The multinomial distribution is a multivariate generalisation of the
binomial distribution. Take an experiment with one of p
possible outcomes. An example of such an experiment is throwing a dice,
where the outcome can be 1 through 6. Each sample drawn from the
distribution represents n such experiments. Its values,
X_i = [X_0, X_1, ..., X_p], represent the number of times the
outcome was i.
X_i = [X_0, X_1, ..., X_p]
n (int) – Number of experiments.
pvals (sequence of floats, length p) – Probabilities of each of the p different outcomes. These
should sum to 1 (however, the last element is always assumed to
account for the remaining probability, as long as
sum(pvals[:-1]) <= 1).
sum(pvals[:-1]) <= 1)
size (int or tuple of ints, optional) – Output shape. If the given shape is, e.g., (m, n, k), then
m * n * k samples are drawn. Default is None, in which case a
single value is returned.
(m, n, k)
m * n * k
chunk_size (int or tuple of int or tuple of ints, optional) – Desired chunk size on each dimension
gpu (bool, optional) – Allocate the tensor on GPU if True, False as default
dtype (data-type, optional) – Data-type of the returned tensor.
out – The drawn samples, of shape size, if that was provided.

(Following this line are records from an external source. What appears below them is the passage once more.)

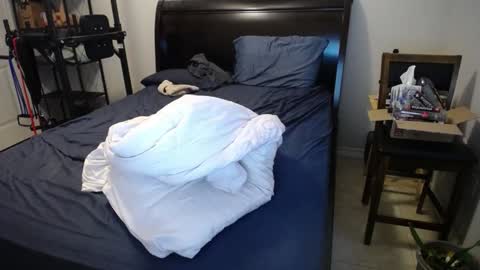 Snapshot of vietnamese23 chatting on 12-09-24, 01:13 wonderful online show from 12-09-24, 01:13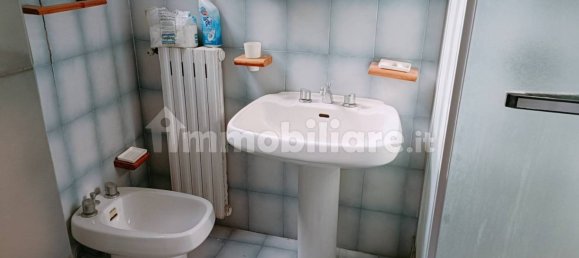 3 chambres Maison à Bracigliano, Italy No. 260919 19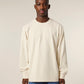 Freestyler Long Sleeve (STTU200)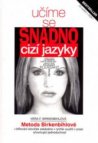 Učíme se snadno cizí jazyky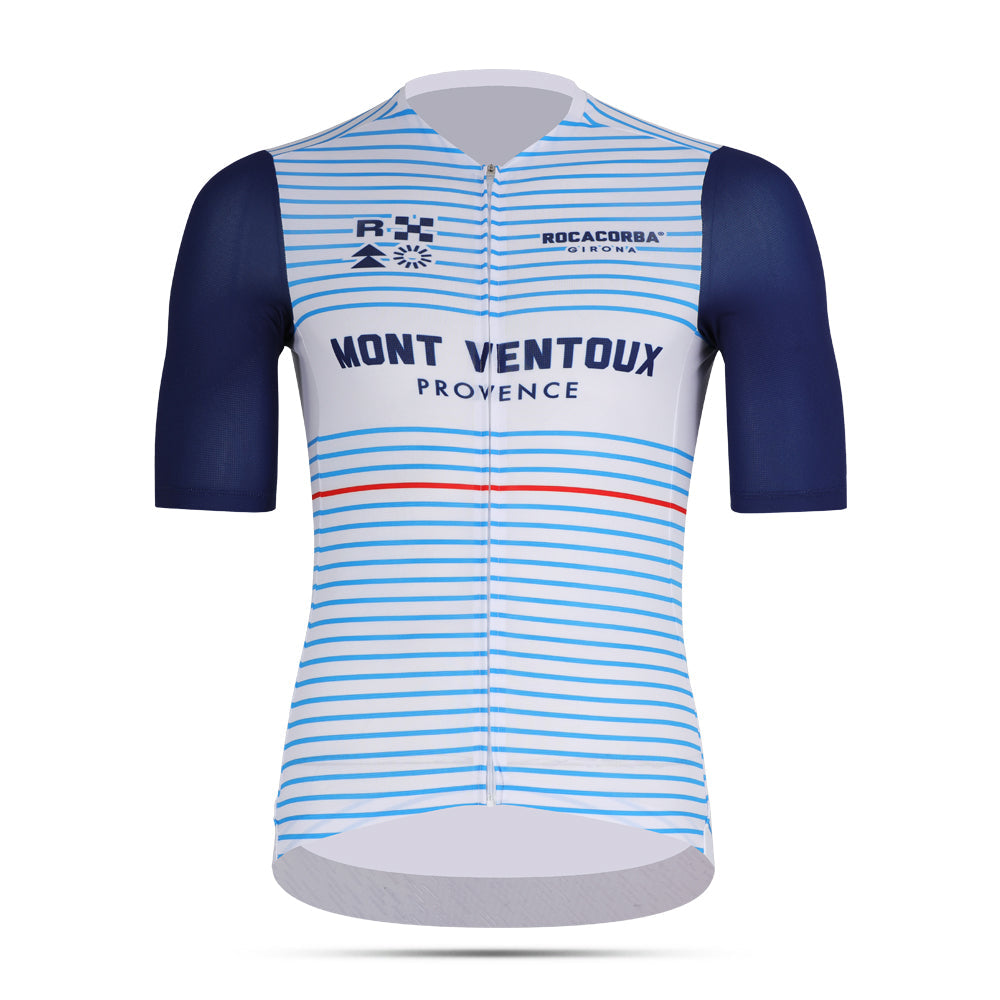 Carpentras Jersey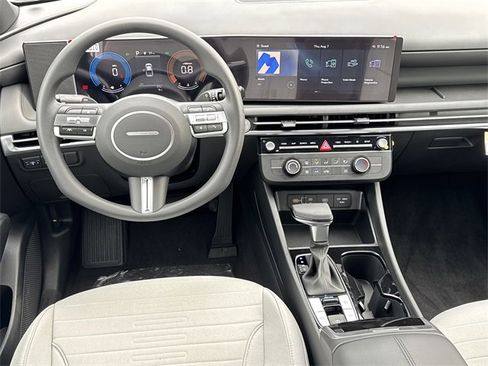 New 2026 Hyundai Santa Cruz SE image 15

If not,
the shape is (N,).
In other words, each entry out[i,j,...,:] is an N-dimensional
value drawn from the distribution.
Throw a dice 20 times:
>>> import mars.tensor as mt
>>> mt.random.multinomial(20, [1/6.]*6, size=1).execute()

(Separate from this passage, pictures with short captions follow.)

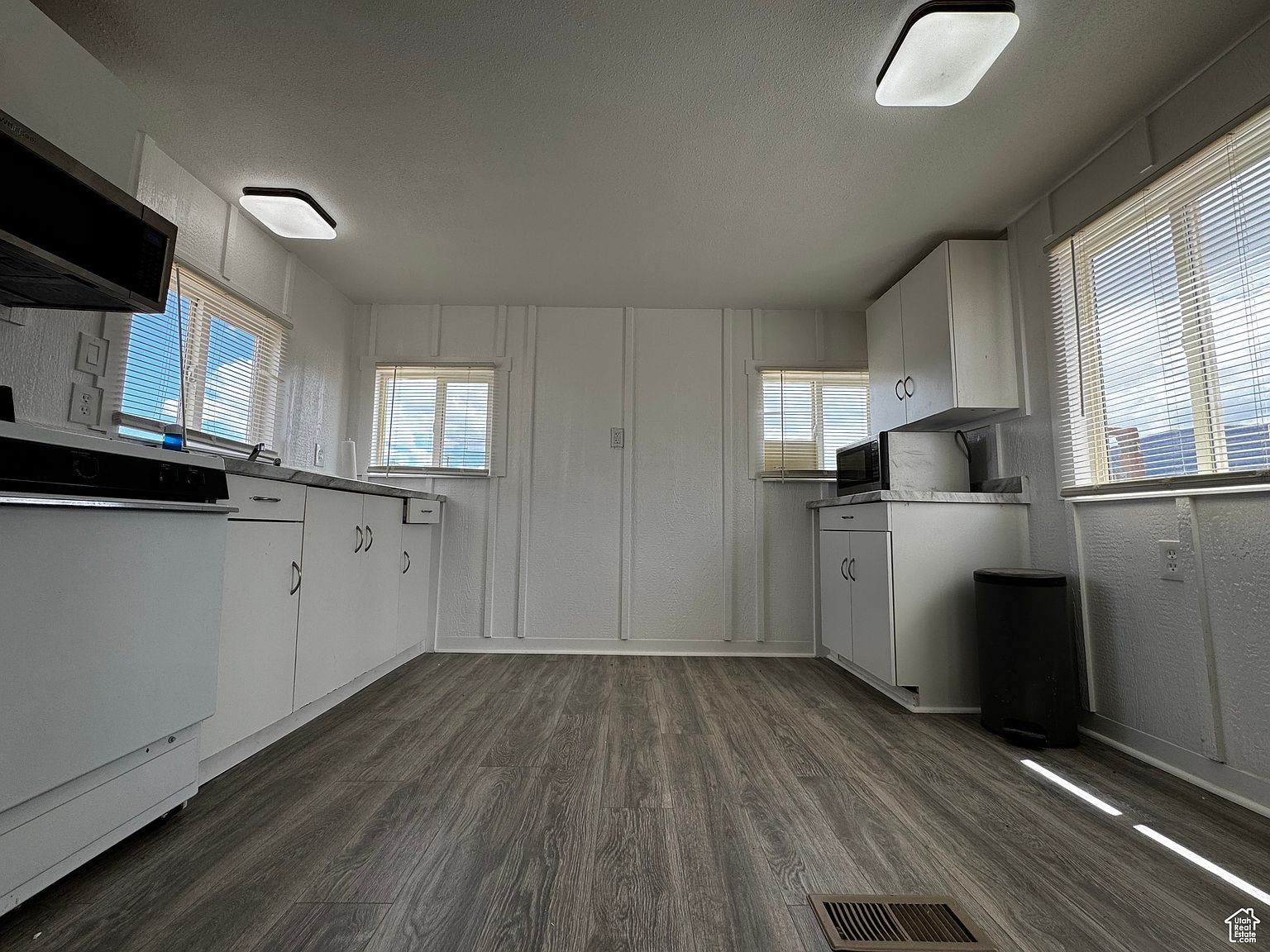 465 N 800 W UNIT 3 Cedar City, UT 84721 - Thumbnail 4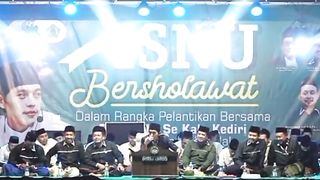 Gus iqdam 3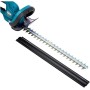 Makita 70918-10 Tagliasiepi, 520 mm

array([[4, 1, 7, 5, 2, 1]])
It landed 4 times on 1, once on 2, etc.
Now, throw the dice 20 times, and 20 times again:
>>> mt.random.multinomial(20, [1/6.]*6, size=2).execute()

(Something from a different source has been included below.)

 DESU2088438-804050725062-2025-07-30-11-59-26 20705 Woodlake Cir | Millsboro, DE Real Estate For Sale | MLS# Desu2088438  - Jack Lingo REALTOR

array([[3, 4, 3, 3, 4, 3],
[2, 4, 3, 4, 0, 7]])
For the first run, we threw 3 times 1, 4 times 2, etc. For the second,
we threw 2 times 1, 4 times 2, etc.
A loaded die is more likely to land on number 6:
>>> mt.random.multinomial(100, [1/7.]*5 + [2/7.]).execute()
array([11, 16, 14, 17, 16, 26])
The probability inputs should be normalized. As an implementation
detail, the value of the last entry is ignored and assumed to take
up any leftover probability mass, but this should not be relied on.
A biased coin which has twice as much weight on one side as on the
other should be sampled like so:
>>> mt.random.multinomial(100, [1.0 / 3, 2.0 / 3]).execute() # RIGHT
>>> mt.random.multinomial(100, [1.0, 2.0]).execute() # WRONG